Trump fired FBI director James Comey earlier this month in a move often compared to Nixon's "Saturday Night Massacre." After lawmakers' cries of possible obstruction of justice, the Justice Department appointed a special counsel to take over the ongoing FBI investigation into links between the Trump campaign and the Russian government, which U.S. intelligence agencies blame for the hacking of email accounts belonging to the Hillary Clinton campaign and other Democratic political organizations. Meanwhile, a current high-level White House official is drawing the scrutiny of federal investigators in that investigation. And White House lawyers, according to CNN, have begun researching impeachment "just in case."

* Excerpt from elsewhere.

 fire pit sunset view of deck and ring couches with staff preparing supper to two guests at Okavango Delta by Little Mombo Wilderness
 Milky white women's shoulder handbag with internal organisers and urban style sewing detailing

It's against that backdrop that Trump has embarked on the first foreign trip of his four-month-old presidency, having waited longer to travel overseas than any president since Lyndon Johnson. Three of President Trump's first destinations – Saudi Arabia, Israel and Belgium – were also among of President Nixon’s last.

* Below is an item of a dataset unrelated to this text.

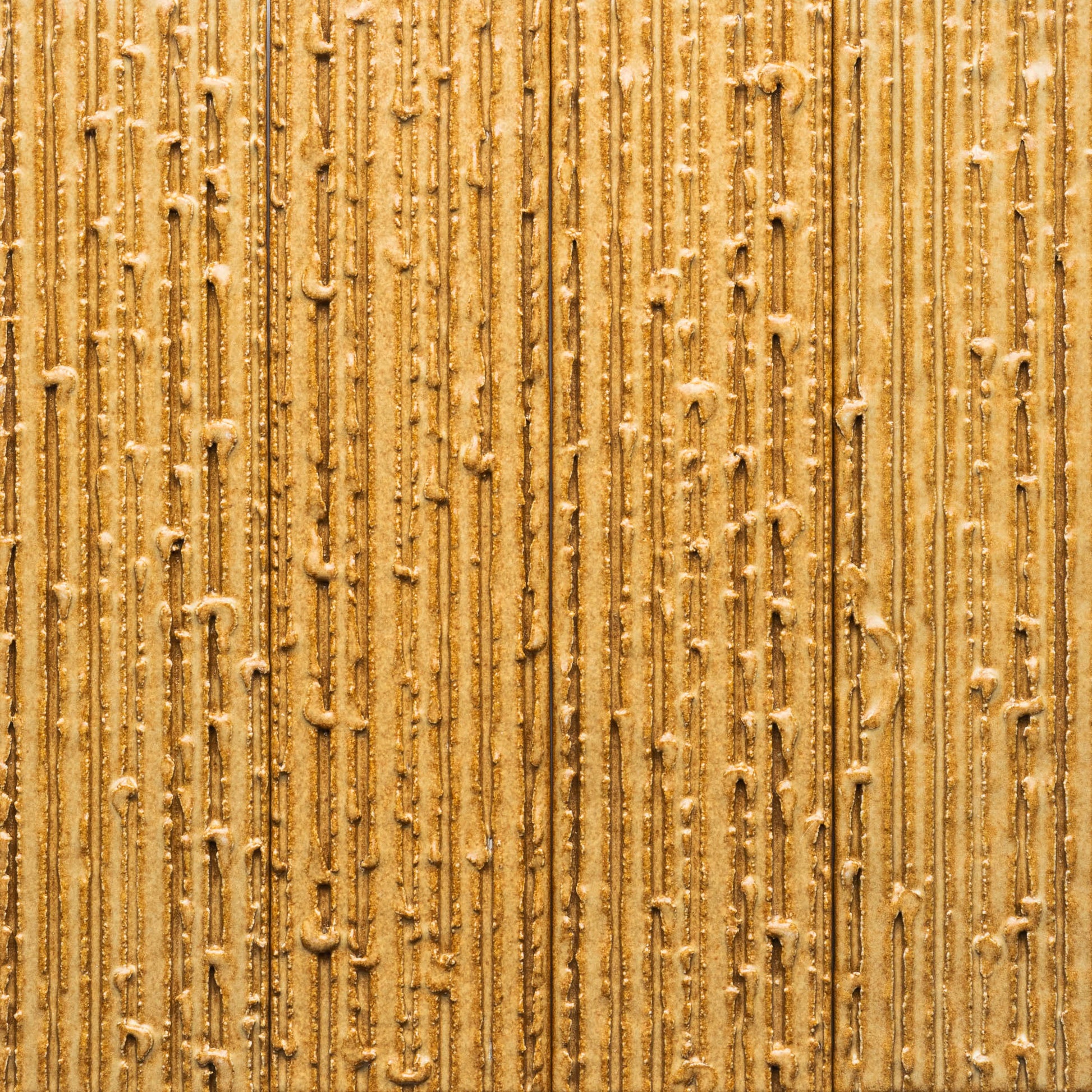 A close-up of Toast + Furrowed by Zia Tile, showing a golden-brown textured surface with vertical, uneven lines and raised bumps, creating a sand-like or heavily frosted appearance.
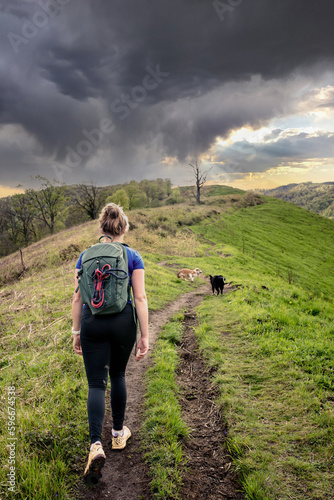 Young woman hiking in the mountains of the French Basque Country with their Border Collie photo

Cooper argues that Nixon's domestic troubles undermined his attempts at diplomacy in the Middle East, and his June, 1974 trip only seemed to make things worse. Nixon had spent years cultivating a relationship with the shah of Iran with arms deals and side deals on petroleum, both as a check on communism and a hedge on Saudi Arabian oil. But Nixon had become a political liability to the shah, who refused to see him on his Middle Eastern tour.

That move forced Nixon further into the arms of Saudi King Faisal, who gave Nixon an unequivocal statement of support. Anyone opposed to Nixon — inside or outside the United States — is only interested in "the splintering of the world," he said.

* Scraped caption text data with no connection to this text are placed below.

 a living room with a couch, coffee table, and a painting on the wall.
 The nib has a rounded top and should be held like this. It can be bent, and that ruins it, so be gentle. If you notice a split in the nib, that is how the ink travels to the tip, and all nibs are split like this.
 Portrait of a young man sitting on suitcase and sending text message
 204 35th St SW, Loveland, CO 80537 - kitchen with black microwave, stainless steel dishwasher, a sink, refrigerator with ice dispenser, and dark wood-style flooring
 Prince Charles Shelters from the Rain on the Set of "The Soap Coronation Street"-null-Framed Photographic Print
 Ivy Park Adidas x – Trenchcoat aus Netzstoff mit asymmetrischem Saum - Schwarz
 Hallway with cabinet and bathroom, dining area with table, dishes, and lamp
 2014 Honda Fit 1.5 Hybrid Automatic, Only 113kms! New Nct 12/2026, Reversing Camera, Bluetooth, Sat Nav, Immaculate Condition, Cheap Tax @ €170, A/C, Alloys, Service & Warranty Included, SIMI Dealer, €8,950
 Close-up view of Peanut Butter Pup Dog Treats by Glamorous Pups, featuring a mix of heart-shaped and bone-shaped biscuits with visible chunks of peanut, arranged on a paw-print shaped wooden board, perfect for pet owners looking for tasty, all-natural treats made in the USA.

"What is very important is that our friends in the United States of America be themselves wise enough to stand behind you, to rally around you, Mr. President, in your noble efforts, almost unprecedented in the history of mankind, the efforts aiming at securing peace and justice in the world," Faisal told Nixon.

Privately, however, Faisal sensed Nixon's weakening negotiating position and didn't give the president what he most wanted: relief from high oil prices. Even more, Faisal was emboldened to push Nixon on Israel, demanding a complete return of Jerusalem to Arab control.

Nixon went on to Israel (by way of Syria), where former Prime Minister Golda Meir fêted him at a state dinner. "As President Nixon says, presidents can do almost anything, and President Nixon has done things that nobody would have thought of doing," she said. (Egyptian President Abdel Fattah el-Sisi used similar language Saturday to praise Trump as having "a unique personality that is capable of doing the impossible.")

But as well received as Nixon was by foreign leaders, the trip was largely seen as a failure at home. "The picture that he wanted to project, of significant movement toward peace in the Middle East and a new relationship between the United States and the Arab world, has become clouded with controversy," wrote newspaper columnist Crosby Noyes, who coined the term "impeachment diplomacy" to describe the effort.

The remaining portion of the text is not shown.